In the six-game Series, Soler slashed .300/.391/.800 with a 1.191 OPS. He had six RBIs and three home runs, all of which coming at critical moments.
Hitting leadoff for the Braves in the Series opener, Soler hit a home run, something that had never happened before.
The second crucial moment came in Game 4, when Soler hit a pinch-hit home run following Dansby Swanson’s homer to give Atlanta a 3-2 lead they never lost, and a 3-1 overall Series lead. Then came his monster smash in Game 6, which gave the Braves a 3-0 lead to propel them to a 7-0 shutout to clinch their first World Series title since 1995.
His heroics earned the former KC Royals player the World Series MVP award.

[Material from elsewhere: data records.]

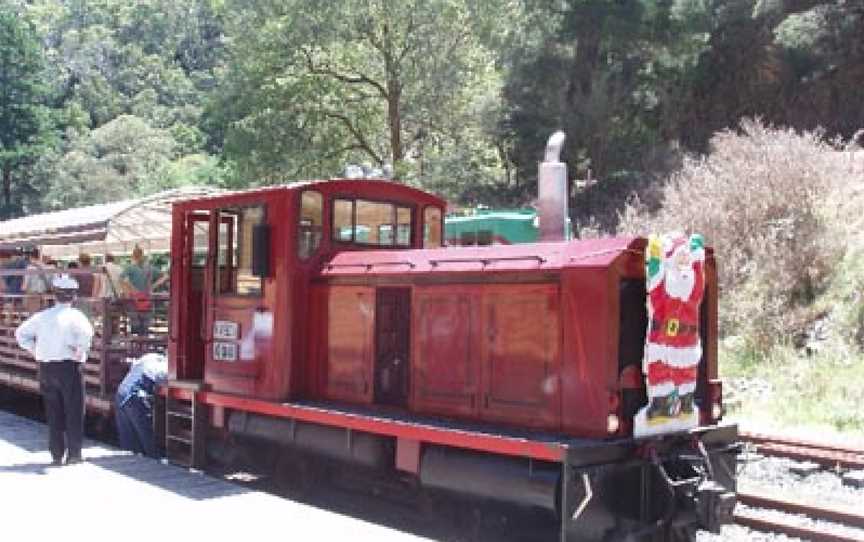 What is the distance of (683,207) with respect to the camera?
56.0 ft

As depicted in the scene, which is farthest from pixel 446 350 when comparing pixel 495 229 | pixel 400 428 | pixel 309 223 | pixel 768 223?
pixel 495 229

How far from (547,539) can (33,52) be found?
5970 cm

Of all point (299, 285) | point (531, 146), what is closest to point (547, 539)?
point (299, 285)

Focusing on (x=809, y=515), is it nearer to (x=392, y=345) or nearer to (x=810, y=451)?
(x=810, y=451)

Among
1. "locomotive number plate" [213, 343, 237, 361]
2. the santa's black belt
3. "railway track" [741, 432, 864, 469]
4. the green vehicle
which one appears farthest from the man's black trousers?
the green vehicle

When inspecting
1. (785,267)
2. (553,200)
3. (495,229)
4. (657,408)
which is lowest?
(657,408)

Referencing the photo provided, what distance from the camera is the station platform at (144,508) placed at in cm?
633

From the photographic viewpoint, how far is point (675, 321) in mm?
6742

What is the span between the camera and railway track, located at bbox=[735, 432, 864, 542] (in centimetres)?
711

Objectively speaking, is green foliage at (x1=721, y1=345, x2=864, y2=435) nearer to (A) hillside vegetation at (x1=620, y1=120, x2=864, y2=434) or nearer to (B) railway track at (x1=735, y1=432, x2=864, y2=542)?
(A) hillside vegetation at (x1=620, y1=120, x2=864, y2=434)

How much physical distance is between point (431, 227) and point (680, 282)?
3199mm

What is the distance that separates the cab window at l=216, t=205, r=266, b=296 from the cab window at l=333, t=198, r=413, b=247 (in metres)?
0.70

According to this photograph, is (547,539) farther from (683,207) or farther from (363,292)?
(683,207)

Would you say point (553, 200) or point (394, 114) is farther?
point (394, 114) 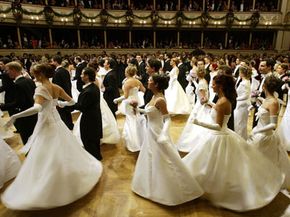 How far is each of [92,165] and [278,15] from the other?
16.1 metres

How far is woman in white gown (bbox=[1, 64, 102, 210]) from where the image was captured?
8.90ft

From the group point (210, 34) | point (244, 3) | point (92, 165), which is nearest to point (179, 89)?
point (92, 165)

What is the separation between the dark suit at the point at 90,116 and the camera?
3.41 metres

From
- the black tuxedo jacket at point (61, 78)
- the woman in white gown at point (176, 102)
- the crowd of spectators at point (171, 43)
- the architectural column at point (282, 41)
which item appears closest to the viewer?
the black tuxedo jacket at point (61, 78)

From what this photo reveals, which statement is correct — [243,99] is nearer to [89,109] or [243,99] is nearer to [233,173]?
[233,173]

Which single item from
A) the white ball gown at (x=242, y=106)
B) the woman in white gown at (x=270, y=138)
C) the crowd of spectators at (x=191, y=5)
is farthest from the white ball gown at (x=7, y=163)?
the crowd of spectators at (x=191, y=5)

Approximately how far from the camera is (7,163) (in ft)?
11.4

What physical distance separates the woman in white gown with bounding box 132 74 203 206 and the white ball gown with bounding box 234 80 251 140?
1929mm

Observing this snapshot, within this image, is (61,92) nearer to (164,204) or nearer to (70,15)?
(164,204)

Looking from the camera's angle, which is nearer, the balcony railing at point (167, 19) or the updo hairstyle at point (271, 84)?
the updo hairstyle at point (271, 84)

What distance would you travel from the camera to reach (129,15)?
14938 mm

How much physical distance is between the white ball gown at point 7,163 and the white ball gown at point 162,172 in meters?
1.86

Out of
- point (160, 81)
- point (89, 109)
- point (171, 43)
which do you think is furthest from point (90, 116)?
point (171, 43)

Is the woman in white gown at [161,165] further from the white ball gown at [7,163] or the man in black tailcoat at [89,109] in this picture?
the white ball gown at [7,163] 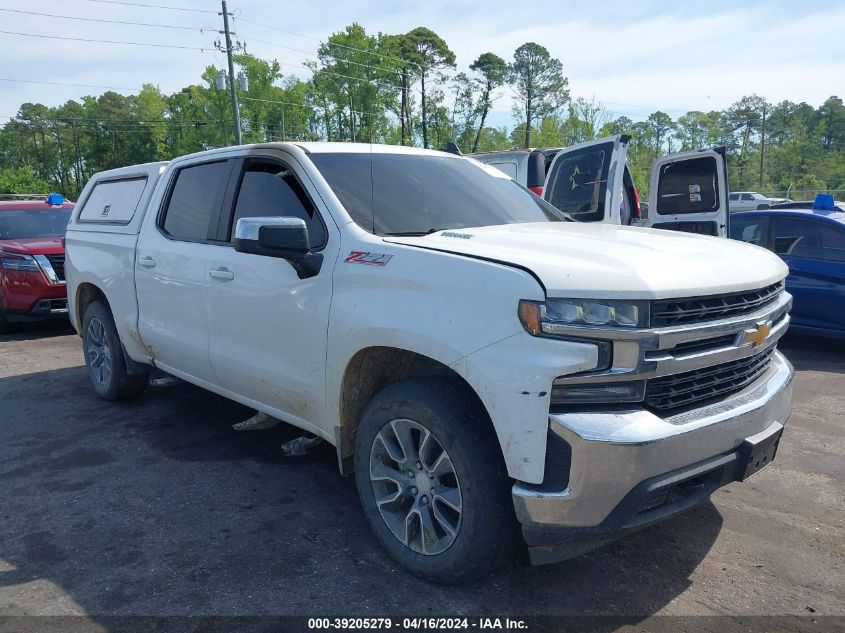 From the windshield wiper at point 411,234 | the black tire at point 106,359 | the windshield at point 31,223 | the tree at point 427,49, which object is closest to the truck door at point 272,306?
the windshield wiper at point 411,234

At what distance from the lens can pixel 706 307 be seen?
8.51 ft

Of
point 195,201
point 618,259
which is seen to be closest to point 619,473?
point 618,259

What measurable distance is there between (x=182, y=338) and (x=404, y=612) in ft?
8.21

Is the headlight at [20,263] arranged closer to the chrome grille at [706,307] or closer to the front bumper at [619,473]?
the front bumper at [619,473]

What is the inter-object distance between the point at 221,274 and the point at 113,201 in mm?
2285

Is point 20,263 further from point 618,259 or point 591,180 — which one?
point 618,259

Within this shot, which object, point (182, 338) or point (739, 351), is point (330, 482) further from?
point (739, 351)

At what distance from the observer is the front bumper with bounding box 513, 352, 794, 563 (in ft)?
7.52

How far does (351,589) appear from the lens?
286 cm

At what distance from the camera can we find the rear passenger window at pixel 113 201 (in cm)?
523

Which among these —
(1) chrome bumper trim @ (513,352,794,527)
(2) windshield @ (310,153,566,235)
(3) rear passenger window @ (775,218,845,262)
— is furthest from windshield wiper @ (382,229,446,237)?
(3) rear passenger window @ (775,218,845,262)

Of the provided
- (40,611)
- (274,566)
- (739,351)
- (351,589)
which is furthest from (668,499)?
(40,611)

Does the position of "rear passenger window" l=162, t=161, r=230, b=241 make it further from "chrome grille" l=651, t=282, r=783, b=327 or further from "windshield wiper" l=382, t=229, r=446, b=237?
"chrome grille" l=651, t=282, r=783, b=327

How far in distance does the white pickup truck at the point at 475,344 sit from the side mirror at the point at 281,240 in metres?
0.01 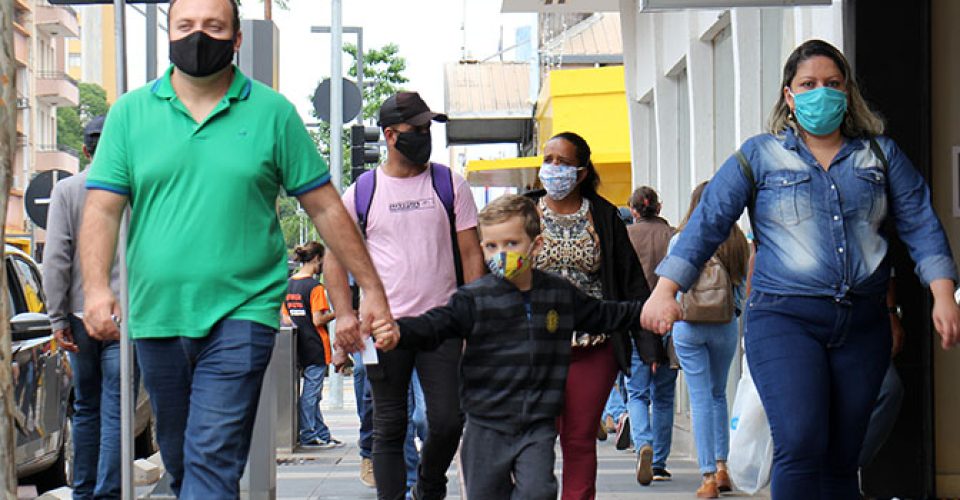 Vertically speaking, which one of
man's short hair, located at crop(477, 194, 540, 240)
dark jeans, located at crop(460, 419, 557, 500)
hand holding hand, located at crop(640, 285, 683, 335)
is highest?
man's short hair, located at crop(477, 194, 540, 240)

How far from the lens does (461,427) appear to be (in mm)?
7809

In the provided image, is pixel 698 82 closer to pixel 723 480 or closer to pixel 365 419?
pixel 723 480

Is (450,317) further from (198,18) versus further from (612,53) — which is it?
(612,53)

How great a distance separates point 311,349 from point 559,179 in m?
8.72

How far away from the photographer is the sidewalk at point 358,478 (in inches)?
416

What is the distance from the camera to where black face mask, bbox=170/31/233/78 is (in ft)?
18.4

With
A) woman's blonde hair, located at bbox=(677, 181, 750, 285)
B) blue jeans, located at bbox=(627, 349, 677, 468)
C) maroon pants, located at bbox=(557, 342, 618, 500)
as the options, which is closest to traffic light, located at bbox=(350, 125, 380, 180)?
blue jeans, located at bbox=(627, 349, 677, 468)

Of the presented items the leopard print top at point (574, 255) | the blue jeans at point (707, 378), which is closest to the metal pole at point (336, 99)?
the blue jeans at point (707, 378)

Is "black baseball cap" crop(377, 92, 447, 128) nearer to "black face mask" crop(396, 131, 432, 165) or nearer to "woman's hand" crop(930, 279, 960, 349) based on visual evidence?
"black face mask" crop(396, 131, 432, 165)

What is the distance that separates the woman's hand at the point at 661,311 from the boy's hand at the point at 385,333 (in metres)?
0.87

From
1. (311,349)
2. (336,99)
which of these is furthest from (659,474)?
(336,99)

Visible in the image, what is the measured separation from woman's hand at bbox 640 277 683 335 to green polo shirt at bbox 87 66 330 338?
1269 mm

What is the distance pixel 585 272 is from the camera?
7.65 metres

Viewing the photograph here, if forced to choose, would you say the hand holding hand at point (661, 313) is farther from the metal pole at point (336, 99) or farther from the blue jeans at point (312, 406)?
the metal pole at point (336, 99) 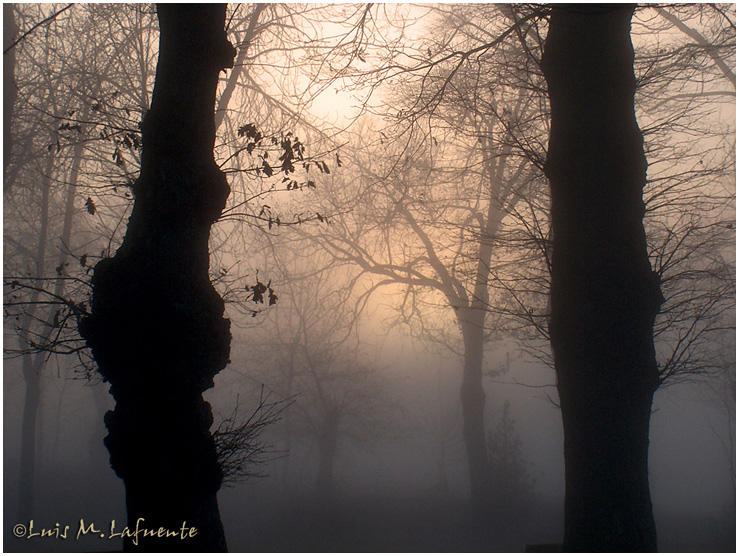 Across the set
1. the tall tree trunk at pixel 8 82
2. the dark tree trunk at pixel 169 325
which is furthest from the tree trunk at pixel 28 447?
the dark tree trunk at pixel 169 325

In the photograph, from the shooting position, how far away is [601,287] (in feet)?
14.5

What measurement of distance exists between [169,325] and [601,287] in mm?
3469

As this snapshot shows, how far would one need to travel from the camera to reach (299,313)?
20125 millimetres

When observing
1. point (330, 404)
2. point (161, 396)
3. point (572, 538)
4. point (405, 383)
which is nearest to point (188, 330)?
point (161, 396)

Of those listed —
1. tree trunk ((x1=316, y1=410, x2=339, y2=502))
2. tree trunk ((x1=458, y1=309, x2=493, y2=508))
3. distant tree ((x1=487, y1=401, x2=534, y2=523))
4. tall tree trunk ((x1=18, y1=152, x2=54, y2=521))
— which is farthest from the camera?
tree trunk ((x1=316, y1=410, x2=339, y2=502))

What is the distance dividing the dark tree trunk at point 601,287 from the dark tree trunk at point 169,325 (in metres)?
2.91

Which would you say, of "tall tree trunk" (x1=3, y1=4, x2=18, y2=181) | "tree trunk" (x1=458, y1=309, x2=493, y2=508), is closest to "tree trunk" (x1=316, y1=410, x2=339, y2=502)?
"tree trunk" (x1=458, y1=309, x2=493, y2=508)

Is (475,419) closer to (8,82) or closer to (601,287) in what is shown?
(601,287)

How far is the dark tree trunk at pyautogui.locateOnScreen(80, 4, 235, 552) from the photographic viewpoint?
3887 millimetres

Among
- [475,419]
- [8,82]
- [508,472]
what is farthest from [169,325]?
[508,472]

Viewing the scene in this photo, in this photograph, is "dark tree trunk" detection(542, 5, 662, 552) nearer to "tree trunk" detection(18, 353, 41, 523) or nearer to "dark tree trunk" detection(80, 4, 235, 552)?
"dark tree trunk" detection(80, 4, 235, 552)

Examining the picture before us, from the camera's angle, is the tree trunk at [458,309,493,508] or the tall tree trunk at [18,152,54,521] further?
the tree trunk at [458,309,493,508]

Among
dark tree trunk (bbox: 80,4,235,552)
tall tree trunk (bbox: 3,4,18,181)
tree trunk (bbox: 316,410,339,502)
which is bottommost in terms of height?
tree trunk (bbox: 316,410,339,502)

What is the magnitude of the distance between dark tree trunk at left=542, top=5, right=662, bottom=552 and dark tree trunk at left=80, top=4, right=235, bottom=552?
291 cm
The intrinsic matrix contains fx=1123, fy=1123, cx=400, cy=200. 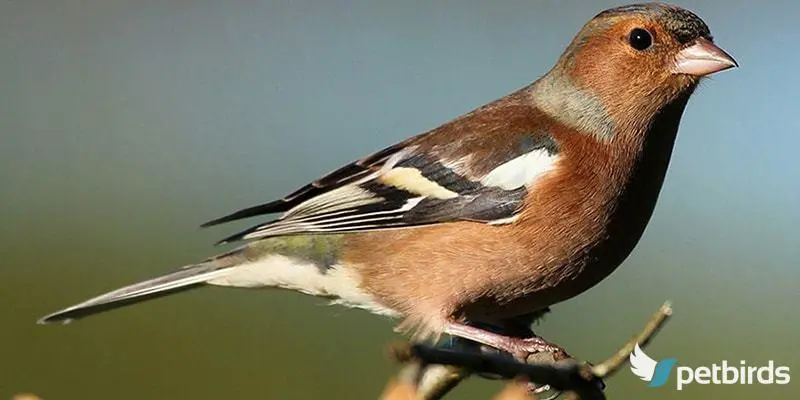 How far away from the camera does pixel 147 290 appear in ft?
6.88

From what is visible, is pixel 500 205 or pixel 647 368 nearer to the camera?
pixel 647 368

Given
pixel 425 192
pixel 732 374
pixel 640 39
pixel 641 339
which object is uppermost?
pixel 640 39

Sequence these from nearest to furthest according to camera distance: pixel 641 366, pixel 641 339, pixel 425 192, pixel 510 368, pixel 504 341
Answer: pixel 510 368 → pixel 641 339 → pixel 641 366 → pixel 504 341 → pixel 425 192

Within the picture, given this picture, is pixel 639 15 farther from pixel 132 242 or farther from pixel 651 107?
pixel 132 242

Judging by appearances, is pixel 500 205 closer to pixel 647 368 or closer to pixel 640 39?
pixel 640 39

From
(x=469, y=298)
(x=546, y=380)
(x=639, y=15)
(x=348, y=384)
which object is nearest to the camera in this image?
(x=546, y=380)

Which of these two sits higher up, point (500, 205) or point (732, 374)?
point (500, 205)

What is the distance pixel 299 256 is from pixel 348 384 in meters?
0.30

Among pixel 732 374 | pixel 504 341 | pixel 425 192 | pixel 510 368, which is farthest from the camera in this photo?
pixel 732 374

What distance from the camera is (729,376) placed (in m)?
2.28

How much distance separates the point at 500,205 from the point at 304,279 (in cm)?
42

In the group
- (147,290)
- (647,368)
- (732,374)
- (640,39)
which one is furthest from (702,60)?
(147,290)

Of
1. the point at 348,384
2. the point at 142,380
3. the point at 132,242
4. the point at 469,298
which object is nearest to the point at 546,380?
the point at 469,298

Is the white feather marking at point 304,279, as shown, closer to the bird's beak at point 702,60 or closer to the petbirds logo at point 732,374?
the petbirds logo at point 732,374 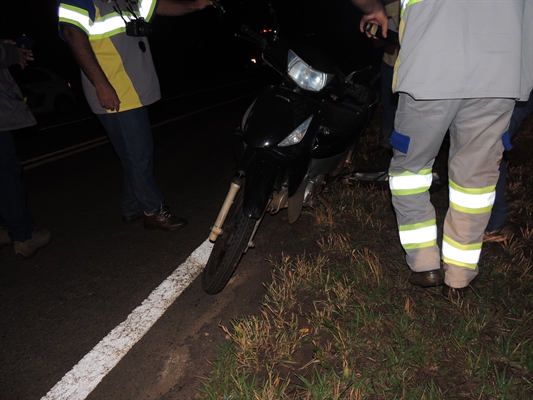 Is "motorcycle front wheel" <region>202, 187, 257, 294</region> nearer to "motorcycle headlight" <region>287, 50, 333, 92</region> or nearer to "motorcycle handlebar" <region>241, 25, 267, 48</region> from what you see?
"motorcycle headlight" <region>287, 50, 333, 92</region>

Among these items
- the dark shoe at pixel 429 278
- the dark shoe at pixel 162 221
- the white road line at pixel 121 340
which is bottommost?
the dark shoe at pixel 162 221

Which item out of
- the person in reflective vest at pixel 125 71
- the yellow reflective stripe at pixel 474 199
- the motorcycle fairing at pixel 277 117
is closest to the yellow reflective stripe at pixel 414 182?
the yellow reflective stripe at pixel 474 199

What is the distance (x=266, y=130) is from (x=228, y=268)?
35.3 inches

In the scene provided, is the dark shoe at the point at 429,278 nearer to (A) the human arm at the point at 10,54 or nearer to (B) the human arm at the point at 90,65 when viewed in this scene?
(B) the human arm at the point at 90,65

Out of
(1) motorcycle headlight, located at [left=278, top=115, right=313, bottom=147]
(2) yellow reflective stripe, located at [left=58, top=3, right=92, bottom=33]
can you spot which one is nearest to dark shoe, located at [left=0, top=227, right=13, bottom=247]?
(2) yellow reflective stripe, located at [left=58, top=3, right=92, bottom=33]

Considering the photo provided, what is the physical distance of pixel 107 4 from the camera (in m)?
2.99

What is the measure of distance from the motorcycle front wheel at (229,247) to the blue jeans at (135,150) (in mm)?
1158

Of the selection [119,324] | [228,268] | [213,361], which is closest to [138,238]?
[119,324]

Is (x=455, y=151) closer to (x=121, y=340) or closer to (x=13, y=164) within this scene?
(x=121, y=340)

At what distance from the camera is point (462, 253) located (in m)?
2.35

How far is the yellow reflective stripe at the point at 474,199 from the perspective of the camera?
2227mm

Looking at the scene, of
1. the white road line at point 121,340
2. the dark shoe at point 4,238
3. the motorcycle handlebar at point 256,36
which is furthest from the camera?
the dark shoe at point 4,238

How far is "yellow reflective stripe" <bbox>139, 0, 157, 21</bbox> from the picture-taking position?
323 cm

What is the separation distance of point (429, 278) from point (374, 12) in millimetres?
1643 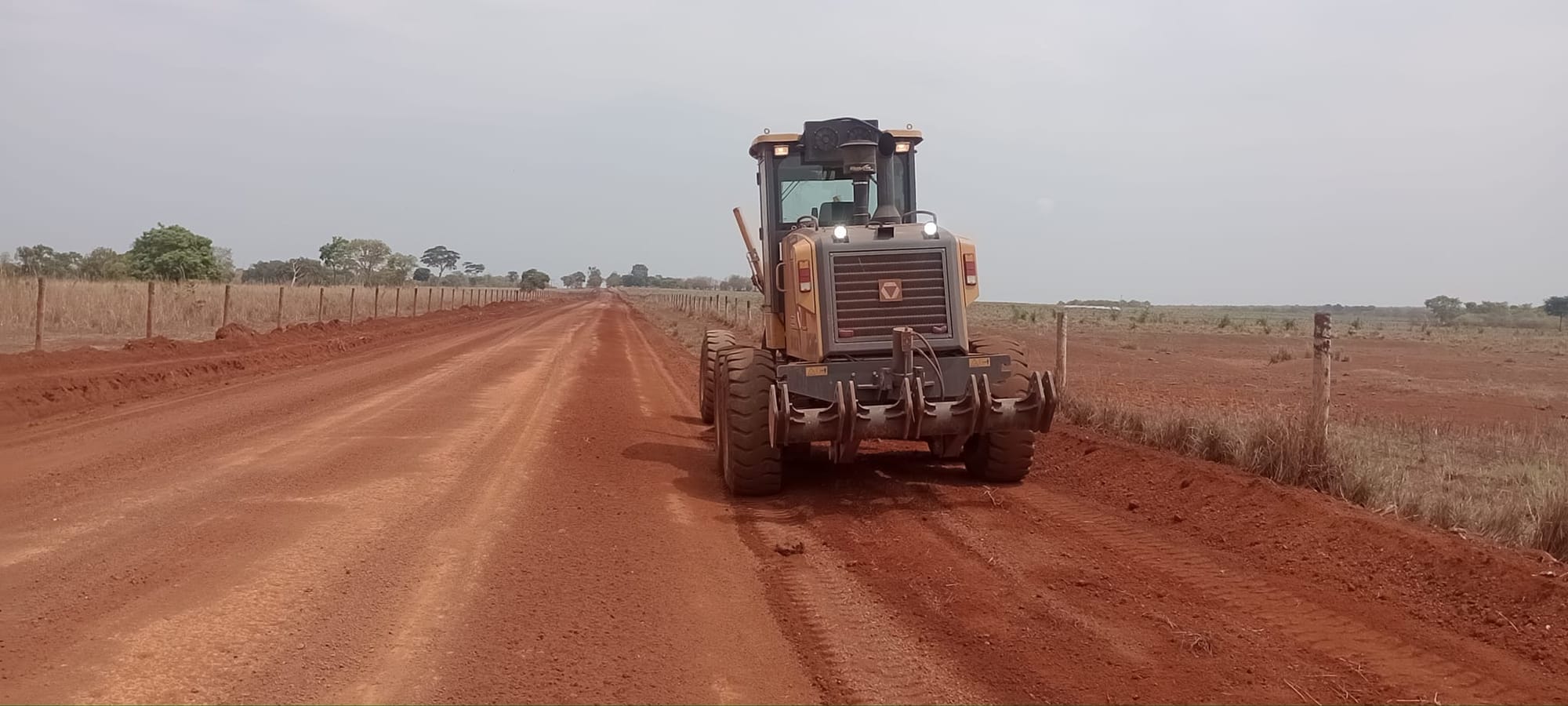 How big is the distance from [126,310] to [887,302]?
26071 mm

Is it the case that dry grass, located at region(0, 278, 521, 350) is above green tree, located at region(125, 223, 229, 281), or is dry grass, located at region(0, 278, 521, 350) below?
below

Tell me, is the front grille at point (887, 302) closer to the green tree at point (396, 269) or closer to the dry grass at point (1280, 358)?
the dry grass at point (1280, 358)

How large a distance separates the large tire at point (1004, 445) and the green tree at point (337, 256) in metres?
88.4

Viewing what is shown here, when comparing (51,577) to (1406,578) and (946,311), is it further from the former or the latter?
(1406,578)

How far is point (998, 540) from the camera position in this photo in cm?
673

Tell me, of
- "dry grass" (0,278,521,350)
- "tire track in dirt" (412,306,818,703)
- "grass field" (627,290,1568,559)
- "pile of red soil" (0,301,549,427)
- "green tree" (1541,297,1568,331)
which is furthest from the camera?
"green tree" (1541,297,1568,331)

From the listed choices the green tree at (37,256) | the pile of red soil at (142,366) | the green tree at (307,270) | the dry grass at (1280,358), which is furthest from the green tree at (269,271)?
the dry grass at (1280,358)

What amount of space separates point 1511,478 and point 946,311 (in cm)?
558

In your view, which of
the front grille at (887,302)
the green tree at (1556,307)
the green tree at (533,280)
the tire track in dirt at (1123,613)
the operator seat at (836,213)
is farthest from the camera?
the green tree at (533,280)

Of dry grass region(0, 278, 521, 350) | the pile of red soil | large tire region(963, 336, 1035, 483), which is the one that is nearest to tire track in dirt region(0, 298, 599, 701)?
large tire region(963, 336, 1035, 483)

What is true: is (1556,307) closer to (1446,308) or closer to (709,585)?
(1446,308)

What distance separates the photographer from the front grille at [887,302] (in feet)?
26.6

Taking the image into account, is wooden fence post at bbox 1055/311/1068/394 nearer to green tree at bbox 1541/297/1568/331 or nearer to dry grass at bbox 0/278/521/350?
dry grass at bbox 0/278/521/350

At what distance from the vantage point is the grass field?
724 centimetres
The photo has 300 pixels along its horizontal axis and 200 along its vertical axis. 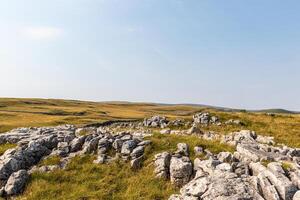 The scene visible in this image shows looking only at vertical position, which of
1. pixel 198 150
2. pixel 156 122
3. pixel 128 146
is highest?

Hitting those three critical home runs made Soler the easy choice for 2021 World Series MVP. He joined Steve Pearce of the 2018 Red Sox and Donn Clendenon of the 1969 Mets as the third midseason acquisition in major league history to be named World Series MVP (Twitter link).
Soler certainly deserves to win the MVP. And although things didn’t go so well for him in Kansas City this year, Royals fans should be proud to see Soler turn things around and help Atlanta win the Fall Classic.
After a disappointing start to the 2021 season with the KC Royals, Jorge Soler helped the Atlanta Braves to a World Series title.